TASK TO COMPLETE
Please repeat exactly the lines below from the one containing "Белых Георгий Анемподистович" down to the one containing "Tessa online show from 05/07/26, 09:47", both included, and nothing else.

RECORDS FOR THE EXERCISE
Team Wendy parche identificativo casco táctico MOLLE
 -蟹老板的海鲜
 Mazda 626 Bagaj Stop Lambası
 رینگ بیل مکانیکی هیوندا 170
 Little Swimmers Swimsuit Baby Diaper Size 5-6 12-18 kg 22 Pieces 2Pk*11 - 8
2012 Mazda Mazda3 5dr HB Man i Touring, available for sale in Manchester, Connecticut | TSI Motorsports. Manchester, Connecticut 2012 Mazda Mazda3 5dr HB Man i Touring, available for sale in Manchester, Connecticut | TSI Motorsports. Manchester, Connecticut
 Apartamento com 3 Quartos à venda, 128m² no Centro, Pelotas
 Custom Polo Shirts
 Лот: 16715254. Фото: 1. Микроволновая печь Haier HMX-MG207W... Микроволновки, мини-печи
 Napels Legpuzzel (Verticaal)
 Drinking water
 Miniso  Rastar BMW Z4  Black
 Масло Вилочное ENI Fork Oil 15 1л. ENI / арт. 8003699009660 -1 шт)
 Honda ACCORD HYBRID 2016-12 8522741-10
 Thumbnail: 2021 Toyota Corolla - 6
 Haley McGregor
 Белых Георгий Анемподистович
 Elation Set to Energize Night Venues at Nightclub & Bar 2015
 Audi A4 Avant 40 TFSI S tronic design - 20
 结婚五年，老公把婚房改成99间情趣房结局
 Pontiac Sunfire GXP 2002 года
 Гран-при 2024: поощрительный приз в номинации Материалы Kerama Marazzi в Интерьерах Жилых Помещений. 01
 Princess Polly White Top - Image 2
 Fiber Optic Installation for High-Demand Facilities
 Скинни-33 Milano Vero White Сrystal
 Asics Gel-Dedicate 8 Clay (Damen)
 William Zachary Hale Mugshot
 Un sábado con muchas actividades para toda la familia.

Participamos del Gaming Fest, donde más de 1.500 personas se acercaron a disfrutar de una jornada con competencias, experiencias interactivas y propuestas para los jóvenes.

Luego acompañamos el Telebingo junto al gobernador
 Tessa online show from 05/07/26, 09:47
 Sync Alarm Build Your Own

RESULT BELOW
 Белых Георгий Анемподистович
 Elation Set to Energize Night Venues at Nightclub & Bar 2015
 Audi A4 Avant 40 TFSI S tronic design - 20
 结婚五年，老公把婚房改成99间情趣房结局
 Pontiac Sunfire GXP 2002 года
 Гран-при 2024: поощрительный приз в номинации Материалы Kerama Marazzi в Интерьерах Жилых Помещений. 01
 Princess Polly White Top - Image 2
 Fiber Optic Installation for High-Demand Facilities
 Скинни-33 Milano Vero White Сrystal
 Asics Gel-Dedicate 8 Clay (Damen)
 William Zachary Hale Mugshot
 Un sábado con muchas actividades para toda la familia.

Participamos del Gaming Fest, donde más de 1.500 personas se acercaron a disfrutar de una jornada con competencias, experiencias interactivas y propuestas para los jóvenes.

Luego acompañamos el Telebingo junto al gobernador
 Tessa online show from 05/07/26, 09:47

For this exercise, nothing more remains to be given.